Fashion Week Men’s is in full swing, with highlights from Dolce & Gabbana, Tod’s, Emporio Armani and more. But all eyes currently are on Dior, where Jonathan Anderson will present his debut collection as creative director of the luxury French fashion house this Friday. And before a single model has stepped foot on the runway, it’s already clear that Anderson is writing his own rulebook—quite literally.
Rather than sending a traditional printed invite and keeping everything under wraps until showtime, Dior has been teasing snippets of inspiration, moodboards, and pieces from the new collection to a select group of fashion insiders via its Instagram 'close friends' stories. The most talked-about reveal so far? Three book-cover Dior Book Totes—a very literal take on rewriting the rulebook.
"It's pretty clever for Jonathan to obviously do a literal Book Tote with a book on it, it's a little bit of irony which Jonathan is a fan of," says writer, brand founder and OG influencer Susie Lau (aka SusieBubble, to her 700,000+ Instagram followers). As one of the few privy to Dior’s inner circle, she was among the first to see the designs.

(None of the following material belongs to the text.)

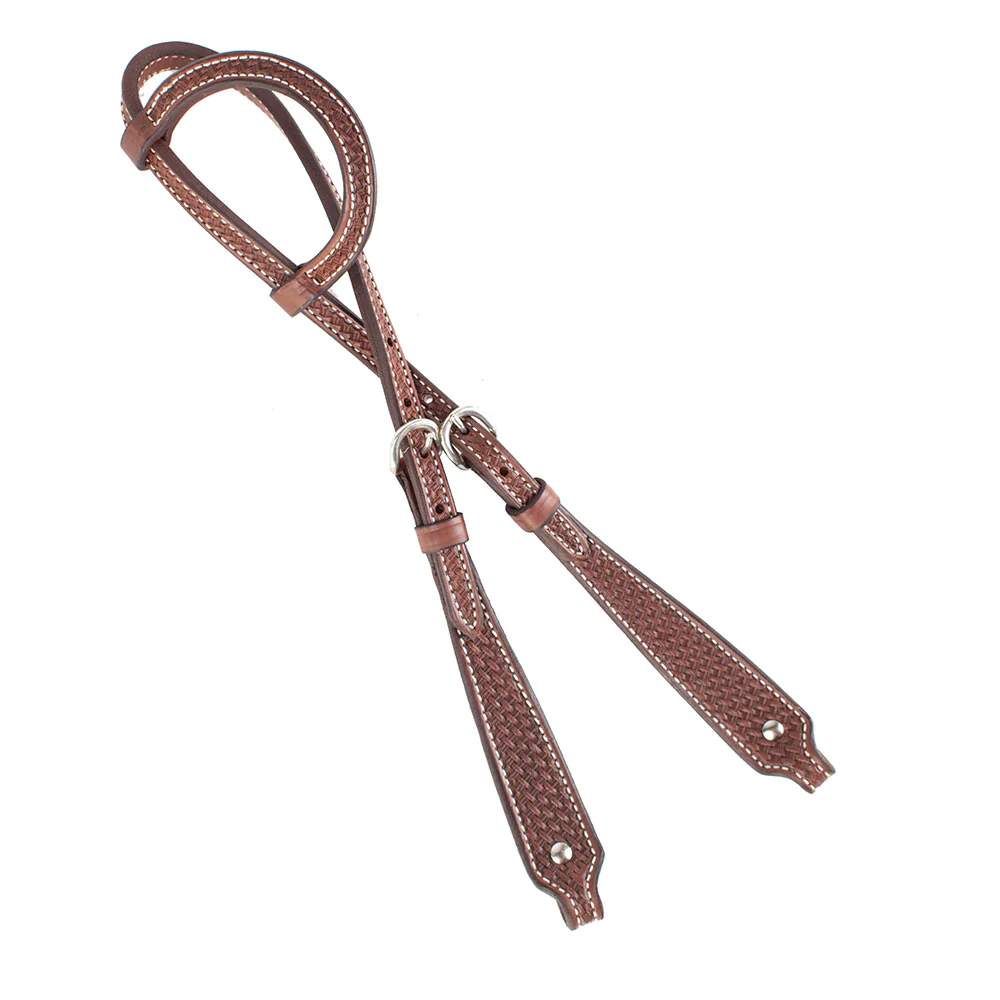 Teskey's Basket Stamped One Ear Headstall - Image 2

"The fact that they are all first edition artworks being used on the book totes makes them feel really special. They feel like kind of collector pieces in the same way that first editions are," she says, noting the bags are part of a wider trend: literature and bookishness are increasingly being woven into fashion marketing. Think: Miu Miu Reads pop-ups, Valentino sponsoring the 2024 Booker Prize, Saint Laurent’s Parisian bookstore, and Loewe’s reissues of branded literary classics—also under Anderson’s own creative direction.
Still, the key question remains: why those three books? Bram Stoker’s Dracula, Choderlos de Laclos’s Les Liaisons Dangereuses, and Dior by Dior are the only titles spotted so far—but the line-up is far from random.

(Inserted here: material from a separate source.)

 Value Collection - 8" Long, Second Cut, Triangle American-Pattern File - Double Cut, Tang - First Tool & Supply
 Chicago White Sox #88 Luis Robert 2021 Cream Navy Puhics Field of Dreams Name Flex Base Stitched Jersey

"In terms of the choice of books, obviously I posted about Brahm Stoker, Dracula, it being a story about the Victorian fear of immigration which is pretty appropriate today considering what's happening in America and also in the UK," says Lau.

"Les Liaisons Dangereuses is a French classic which speaks to the heritage of Dior, and it also has a pretty sordid story line which I think Jonathan probably has an interest in himself," she continues. The novel centres on two manipulative aristocrats who scheme to destroy others’ reputations.
"And then, Dior by Dior is pretty significant in terms of the amount of quotes that it has that really informs our view of the house and what Christian Dior stands for, what he likes, what he doesn't like, the things that fascinated him. All of those things in that book really plug into how the house is shaped even today," Lau adds.
So, as Friday’s show approaches, these literary-inspired totes offer a preview of the direction Anderson may take Dior next. Much like Maria Grazia Chiuri’s iconic ‘We Should All Be Feminists’ T-shirts, it’s clear fashion as social commentary is here to stay. Whether the Book Totes will actually go on sale? That part remains unwritten.